Boltzmann Lectures

Ludwig Eduard Boltzmann, born in Wien on 20 February 1844, is considered the founding father of statistical physics. He developed the probabilistic laws that explain the physical properties of matter and the concepts of entropy and irreversibility.

The Boltzmann lectures are organized by the group of Statistical Physics at SISSA. Each year a distinguished guest is invited to give a talk to commemorate and celebrate the Austrain physicist on the occasion of his birthday.


20 February 2024

Prof.Francesca Ferlaino: Dipolar interactions.

Quantum physics frequently gives rise to conceptual paradoxes that seem elusive to our classical intuition.
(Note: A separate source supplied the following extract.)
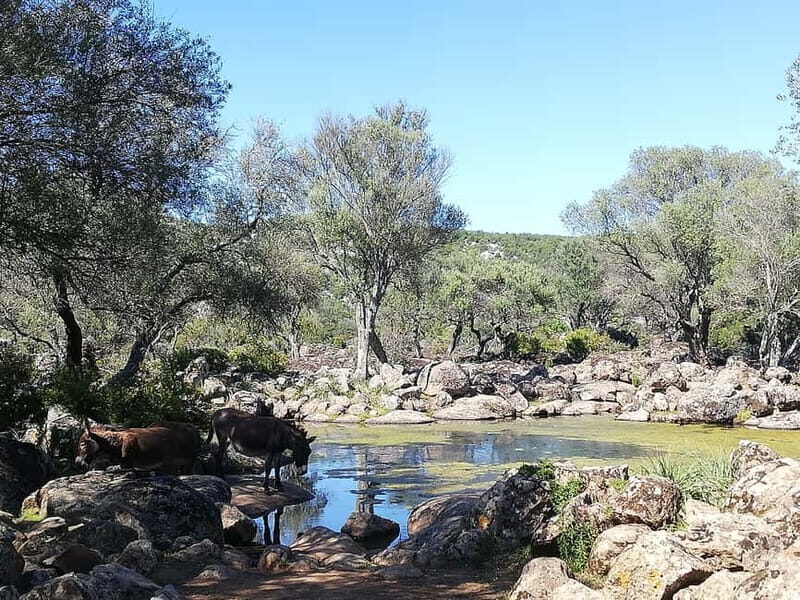 Trenino Supramonte: Guided tour of Golgo plateau - Who Should Take This Tour?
In many-body quantum systems, interactions are key, especially when they dominate over kinetic energy. Their form and strength crucially define the existing strongly-correlated quantum phases of matter and dictate phenomena beyond the classical regime.
Dipolar interactions, effective e.g. when atoms are strongly magnetic, are fundamentally distinct from the typical van der Waals interactions in neutral atoms. Their orientation-dependence and non-locality enable the emergence of novel phase of matter, from ultra-dilute quantum droplets to supersolid and crystalline phases in which gaseous atoms self-organize in space to produce ordered density wave with energy cost approaching zero.
In this talk, we aim to retrace the new phenomena, which have been observed with quantum degenerate gases of erbium and dysprosium atoms from the perspective of the Innsbruck experiments.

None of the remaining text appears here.